Yes, it really is morning. Usually I go to bed around six am (because I’m a night shift kind of girl) but tonight I wrote and wrote and wrote until my poor little fingers were so tired and my brain just couldn’t function anymore and I took a fifteen minute nap, then I woke up, turned the laptop back on and decided I was ready for round two. It’s nine in the morning and I still haven’t been to bed and I feel wonderful!
It’s amazing what a good mood can do for you mixed together with lack of sleep and the joy of reaching 127,357 words AND knowing you only have two or three chapters left till the story is actually finished, completed, ended, [inserts other words for 'oh, my gods, I'm almost done!' here].
It’s such a pretty thought, so shiny and tempting that I have no clue what to do with it but run around in circles right now. I was telling my husband last night that I really, honestly, believe I might cry when I finish the book. It’s not an if anymore, it’s a when. I don’t think I’ve ever been able to say that about one of my longer pieces since I happen to suffer from a chronic case of ADOSSO.

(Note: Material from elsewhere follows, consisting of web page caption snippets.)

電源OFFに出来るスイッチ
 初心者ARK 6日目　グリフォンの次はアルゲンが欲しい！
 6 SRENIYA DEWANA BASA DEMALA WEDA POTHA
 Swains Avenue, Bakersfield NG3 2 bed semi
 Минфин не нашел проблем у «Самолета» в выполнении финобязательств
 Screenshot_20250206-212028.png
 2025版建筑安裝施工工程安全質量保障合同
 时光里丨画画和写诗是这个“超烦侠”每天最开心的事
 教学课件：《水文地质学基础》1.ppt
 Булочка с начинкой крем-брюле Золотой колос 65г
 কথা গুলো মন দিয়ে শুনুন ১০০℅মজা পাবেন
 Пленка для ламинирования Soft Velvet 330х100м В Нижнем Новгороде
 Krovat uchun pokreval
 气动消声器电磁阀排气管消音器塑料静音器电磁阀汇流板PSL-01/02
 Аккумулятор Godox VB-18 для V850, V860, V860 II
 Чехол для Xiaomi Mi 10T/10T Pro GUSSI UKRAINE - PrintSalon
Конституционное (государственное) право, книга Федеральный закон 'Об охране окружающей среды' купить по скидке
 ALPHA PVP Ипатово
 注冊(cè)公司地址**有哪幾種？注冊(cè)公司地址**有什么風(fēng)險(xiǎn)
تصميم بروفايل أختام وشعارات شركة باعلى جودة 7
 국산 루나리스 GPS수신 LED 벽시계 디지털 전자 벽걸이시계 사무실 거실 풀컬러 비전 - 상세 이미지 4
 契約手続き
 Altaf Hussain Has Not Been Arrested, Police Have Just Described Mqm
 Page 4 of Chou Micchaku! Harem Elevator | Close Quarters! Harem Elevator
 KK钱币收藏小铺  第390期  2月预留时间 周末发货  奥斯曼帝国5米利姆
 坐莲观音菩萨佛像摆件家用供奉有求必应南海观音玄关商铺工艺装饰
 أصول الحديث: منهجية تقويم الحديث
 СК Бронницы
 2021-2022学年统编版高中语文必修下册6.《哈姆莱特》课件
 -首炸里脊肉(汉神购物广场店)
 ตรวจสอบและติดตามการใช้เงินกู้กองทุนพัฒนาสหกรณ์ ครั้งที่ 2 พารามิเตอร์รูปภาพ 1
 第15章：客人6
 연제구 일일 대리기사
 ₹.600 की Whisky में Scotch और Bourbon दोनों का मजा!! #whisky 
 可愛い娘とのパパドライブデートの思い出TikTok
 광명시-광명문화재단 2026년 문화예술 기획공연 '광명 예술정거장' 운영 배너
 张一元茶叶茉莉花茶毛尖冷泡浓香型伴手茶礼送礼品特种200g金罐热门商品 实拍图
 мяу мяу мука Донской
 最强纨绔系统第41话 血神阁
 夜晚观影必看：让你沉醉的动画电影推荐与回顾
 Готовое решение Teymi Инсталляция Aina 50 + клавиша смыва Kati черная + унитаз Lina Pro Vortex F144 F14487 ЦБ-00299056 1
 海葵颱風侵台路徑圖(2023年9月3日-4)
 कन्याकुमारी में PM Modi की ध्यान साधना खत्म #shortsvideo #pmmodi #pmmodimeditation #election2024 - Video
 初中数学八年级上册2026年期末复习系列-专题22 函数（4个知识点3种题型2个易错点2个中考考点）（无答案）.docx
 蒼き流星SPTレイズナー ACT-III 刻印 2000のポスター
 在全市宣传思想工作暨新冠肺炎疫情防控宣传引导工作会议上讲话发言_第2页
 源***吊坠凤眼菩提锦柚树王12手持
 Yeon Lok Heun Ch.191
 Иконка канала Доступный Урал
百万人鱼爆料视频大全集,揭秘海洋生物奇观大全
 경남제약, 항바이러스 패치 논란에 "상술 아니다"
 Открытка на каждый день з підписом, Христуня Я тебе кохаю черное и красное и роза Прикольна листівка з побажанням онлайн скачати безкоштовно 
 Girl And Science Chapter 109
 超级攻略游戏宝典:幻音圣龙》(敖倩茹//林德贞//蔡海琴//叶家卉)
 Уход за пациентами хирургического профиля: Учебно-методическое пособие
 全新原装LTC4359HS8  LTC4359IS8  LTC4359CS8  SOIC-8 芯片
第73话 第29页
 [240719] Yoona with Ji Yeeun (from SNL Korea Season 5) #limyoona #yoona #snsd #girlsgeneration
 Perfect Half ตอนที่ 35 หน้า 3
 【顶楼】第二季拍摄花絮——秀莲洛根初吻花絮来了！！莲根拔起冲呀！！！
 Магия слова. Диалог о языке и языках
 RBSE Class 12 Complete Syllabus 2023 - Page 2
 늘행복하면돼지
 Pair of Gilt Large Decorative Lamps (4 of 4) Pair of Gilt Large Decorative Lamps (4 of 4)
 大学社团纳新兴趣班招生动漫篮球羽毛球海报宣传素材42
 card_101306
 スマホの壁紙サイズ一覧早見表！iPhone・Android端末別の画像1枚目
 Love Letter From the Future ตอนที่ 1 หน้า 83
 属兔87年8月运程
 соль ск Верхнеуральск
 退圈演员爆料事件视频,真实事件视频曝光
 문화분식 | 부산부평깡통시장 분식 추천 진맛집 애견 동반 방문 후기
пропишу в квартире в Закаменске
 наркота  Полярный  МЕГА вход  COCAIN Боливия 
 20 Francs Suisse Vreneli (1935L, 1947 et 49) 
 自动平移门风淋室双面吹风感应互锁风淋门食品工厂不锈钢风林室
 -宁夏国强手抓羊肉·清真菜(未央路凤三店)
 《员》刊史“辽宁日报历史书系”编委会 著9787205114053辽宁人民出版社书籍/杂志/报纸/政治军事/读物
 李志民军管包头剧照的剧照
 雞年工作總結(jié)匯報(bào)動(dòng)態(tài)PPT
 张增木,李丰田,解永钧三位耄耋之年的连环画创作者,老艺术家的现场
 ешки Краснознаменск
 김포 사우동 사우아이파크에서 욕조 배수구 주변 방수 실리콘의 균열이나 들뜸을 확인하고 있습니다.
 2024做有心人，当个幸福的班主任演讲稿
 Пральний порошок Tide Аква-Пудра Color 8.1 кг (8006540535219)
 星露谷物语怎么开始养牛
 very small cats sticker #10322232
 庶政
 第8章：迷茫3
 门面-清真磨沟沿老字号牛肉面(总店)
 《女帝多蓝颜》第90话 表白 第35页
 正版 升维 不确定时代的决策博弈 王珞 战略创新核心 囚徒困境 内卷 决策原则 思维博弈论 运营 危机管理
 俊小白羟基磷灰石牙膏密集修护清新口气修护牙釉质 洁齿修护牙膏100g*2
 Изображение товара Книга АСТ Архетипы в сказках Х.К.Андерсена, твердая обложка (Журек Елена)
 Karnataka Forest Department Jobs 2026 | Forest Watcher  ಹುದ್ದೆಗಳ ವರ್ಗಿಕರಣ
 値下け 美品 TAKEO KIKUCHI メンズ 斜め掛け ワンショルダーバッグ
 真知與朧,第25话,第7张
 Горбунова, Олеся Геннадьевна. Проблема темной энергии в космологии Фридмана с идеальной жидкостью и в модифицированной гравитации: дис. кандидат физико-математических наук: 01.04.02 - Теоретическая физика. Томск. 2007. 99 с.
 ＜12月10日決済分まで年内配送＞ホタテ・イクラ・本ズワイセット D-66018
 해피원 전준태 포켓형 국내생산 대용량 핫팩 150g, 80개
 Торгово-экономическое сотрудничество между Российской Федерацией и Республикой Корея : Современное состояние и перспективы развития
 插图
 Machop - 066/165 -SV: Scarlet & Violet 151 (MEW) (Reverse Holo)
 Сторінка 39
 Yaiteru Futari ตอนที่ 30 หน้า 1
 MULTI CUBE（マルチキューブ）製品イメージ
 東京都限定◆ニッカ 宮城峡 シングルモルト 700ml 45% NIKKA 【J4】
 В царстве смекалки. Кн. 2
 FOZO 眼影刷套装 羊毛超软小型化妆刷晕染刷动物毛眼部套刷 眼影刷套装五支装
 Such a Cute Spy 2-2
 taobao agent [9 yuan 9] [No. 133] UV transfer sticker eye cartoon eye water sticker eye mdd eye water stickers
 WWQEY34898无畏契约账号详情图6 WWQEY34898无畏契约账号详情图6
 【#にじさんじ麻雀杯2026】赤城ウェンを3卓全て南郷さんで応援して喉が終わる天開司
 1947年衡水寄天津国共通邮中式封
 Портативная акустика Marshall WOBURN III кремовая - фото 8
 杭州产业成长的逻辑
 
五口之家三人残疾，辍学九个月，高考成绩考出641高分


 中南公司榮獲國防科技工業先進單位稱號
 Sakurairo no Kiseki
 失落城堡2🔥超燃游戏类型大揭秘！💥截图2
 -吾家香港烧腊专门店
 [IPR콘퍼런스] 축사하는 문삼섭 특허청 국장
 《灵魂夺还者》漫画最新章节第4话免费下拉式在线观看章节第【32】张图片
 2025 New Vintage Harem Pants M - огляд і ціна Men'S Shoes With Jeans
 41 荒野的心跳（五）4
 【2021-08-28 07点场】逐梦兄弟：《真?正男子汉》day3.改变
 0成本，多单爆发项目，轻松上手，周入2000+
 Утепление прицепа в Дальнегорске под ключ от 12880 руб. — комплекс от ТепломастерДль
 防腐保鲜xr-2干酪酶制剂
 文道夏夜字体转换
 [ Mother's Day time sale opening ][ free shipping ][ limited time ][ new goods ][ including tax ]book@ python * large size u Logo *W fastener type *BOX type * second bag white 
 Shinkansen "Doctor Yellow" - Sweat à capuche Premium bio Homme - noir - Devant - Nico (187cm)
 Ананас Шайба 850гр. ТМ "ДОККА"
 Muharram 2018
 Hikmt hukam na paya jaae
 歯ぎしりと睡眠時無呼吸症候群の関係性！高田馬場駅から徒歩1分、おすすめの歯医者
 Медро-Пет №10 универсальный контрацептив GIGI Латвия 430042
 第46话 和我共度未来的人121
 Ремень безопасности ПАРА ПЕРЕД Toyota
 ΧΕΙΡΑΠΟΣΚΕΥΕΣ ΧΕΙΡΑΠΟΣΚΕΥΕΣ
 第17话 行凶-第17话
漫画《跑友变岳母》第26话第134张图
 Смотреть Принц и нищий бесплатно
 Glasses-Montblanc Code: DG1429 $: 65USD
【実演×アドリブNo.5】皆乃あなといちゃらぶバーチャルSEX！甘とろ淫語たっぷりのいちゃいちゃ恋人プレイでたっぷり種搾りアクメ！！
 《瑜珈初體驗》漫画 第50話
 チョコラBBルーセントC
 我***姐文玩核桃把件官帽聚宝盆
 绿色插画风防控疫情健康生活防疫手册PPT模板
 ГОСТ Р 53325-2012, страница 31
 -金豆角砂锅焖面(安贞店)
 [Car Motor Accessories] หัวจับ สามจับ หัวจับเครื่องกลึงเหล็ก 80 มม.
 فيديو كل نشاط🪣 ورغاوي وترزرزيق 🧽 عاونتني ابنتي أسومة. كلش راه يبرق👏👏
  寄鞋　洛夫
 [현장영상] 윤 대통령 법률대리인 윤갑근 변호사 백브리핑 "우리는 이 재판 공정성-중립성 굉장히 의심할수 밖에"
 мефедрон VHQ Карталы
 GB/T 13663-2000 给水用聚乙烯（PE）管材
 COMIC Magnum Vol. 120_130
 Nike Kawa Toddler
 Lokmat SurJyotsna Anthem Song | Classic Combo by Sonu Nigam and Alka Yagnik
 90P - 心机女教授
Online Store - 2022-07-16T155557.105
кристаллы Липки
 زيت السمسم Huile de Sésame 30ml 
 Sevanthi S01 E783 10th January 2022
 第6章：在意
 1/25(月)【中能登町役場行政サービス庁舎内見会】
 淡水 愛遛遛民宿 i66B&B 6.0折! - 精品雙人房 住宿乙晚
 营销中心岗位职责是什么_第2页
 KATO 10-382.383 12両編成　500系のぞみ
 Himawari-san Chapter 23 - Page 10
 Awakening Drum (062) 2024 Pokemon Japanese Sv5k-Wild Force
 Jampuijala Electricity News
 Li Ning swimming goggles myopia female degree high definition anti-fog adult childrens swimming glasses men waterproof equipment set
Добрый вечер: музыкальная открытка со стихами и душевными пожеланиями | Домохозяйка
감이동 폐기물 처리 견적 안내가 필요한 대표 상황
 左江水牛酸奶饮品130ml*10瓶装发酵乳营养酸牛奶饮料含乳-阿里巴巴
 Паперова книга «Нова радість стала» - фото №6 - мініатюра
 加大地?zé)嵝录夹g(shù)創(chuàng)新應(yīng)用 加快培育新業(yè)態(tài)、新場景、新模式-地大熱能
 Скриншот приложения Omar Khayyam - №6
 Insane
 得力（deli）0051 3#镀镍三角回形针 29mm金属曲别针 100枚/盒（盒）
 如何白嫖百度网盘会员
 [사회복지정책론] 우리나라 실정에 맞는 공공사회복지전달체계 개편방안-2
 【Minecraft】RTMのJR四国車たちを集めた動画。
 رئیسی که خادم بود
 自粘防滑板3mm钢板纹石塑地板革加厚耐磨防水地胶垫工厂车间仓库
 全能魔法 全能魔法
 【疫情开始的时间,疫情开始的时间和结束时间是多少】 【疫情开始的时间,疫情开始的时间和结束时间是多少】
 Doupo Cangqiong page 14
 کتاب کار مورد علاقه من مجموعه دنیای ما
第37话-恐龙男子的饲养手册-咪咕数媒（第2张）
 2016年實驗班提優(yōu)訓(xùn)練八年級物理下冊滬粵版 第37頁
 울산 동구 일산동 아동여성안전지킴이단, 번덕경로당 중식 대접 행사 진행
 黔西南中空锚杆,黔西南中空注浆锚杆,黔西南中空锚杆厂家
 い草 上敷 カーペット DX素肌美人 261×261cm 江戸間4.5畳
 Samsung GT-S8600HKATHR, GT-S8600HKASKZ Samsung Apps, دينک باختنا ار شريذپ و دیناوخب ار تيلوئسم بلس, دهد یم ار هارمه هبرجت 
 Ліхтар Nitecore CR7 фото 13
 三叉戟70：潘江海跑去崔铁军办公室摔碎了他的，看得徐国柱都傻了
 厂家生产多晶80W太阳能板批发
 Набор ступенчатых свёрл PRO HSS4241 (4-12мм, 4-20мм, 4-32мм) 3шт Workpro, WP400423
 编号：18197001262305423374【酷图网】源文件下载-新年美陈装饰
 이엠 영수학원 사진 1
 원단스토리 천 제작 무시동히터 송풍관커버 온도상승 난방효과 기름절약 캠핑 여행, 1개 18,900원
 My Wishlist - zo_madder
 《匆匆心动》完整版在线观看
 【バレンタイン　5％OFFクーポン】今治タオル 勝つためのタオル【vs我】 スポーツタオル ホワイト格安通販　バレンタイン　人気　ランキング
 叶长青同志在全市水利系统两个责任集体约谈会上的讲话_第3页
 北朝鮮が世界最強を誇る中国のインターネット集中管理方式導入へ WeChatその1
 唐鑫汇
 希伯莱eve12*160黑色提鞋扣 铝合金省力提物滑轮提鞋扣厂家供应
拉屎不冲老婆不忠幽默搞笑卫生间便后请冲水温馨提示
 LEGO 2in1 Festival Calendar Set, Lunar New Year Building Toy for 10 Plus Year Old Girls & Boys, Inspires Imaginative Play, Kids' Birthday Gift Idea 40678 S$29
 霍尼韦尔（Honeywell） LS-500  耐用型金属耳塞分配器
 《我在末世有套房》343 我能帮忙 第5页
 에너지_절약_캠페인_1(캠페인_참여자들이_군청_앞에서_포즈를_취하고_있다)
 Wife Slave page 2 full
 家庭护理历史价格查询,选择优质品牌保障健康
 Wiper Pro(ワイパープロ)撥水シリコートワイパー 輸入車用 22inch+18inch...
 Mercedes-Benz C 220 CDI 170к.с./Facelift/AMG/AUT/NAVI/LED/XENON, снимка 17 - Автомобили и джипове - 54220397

Attention Deficit… Oh, shit! Shiny object! Pardon the curse, lol, it’s something Kei and I came up with together while attempting to get up early the next day after staying up till noon writing (to clarify: we woke up, started writing, and didn’t go to sleep till lunch time the next day) and we were feeling rather goofy and random. To be honest I don’t know why people need drugs, if they’d just deprive themselves of sleep doing something they love, deprive a good friend along with them, then force each other into consciousness the next day they’d be whacked out all the time. I mean, given I’m bound to be cranky when I first wake up but while I’m trying to fall back asleep it’s like the little net that catches all the things I don’t mean to say while I’m awake is damaged. Even better- because of my lack of sleep and recent visit to dreamland my motor skills are generally suffering and sometimes saying a word with more than two syllables is a bit of a challenge… so yeah, I don’t need drugs. I’m weird enough as is.
Anyways back to topic…
I had a topic?
Oh yes, finishing my novel. I can no call it a novel without thinking I’m stealing some catch phrase because even at size twelve font I’m numbering at over 500 pages right now. I know I’d be wasting trees if I did it but the urge to print it out when I’m all done just so I can hug the bulk of it is tremendous. Fortunately my husband has talked me into waiting until it’s gone through at least the first edit and then using the ‘CreateSpace’ offer from the NaNo to get a single bound copy for myself and then I can merrily accuse them of killing of innocent trees just so I can hug my novel.
I can hardly believe that the month isn’t even over yet (though I’m glad it’s not), it just seems like this has been the longest month of my entire life. Even thinking back to last years NaNo, it was nothing like this for me. I mean it was still crazy, awesome, inspiring, and finger numbingly wonderful but there is a definite difference. See, last year I used the NaNo as a means of forcing myself back into the writing world. When afraid to walk down the stairs go jump off a cliff so to speak to prove it’ll only hurt if… hmm…. that analogy was in my head and then as I was typing it I lost my train of thought and I can’t remember when I was going.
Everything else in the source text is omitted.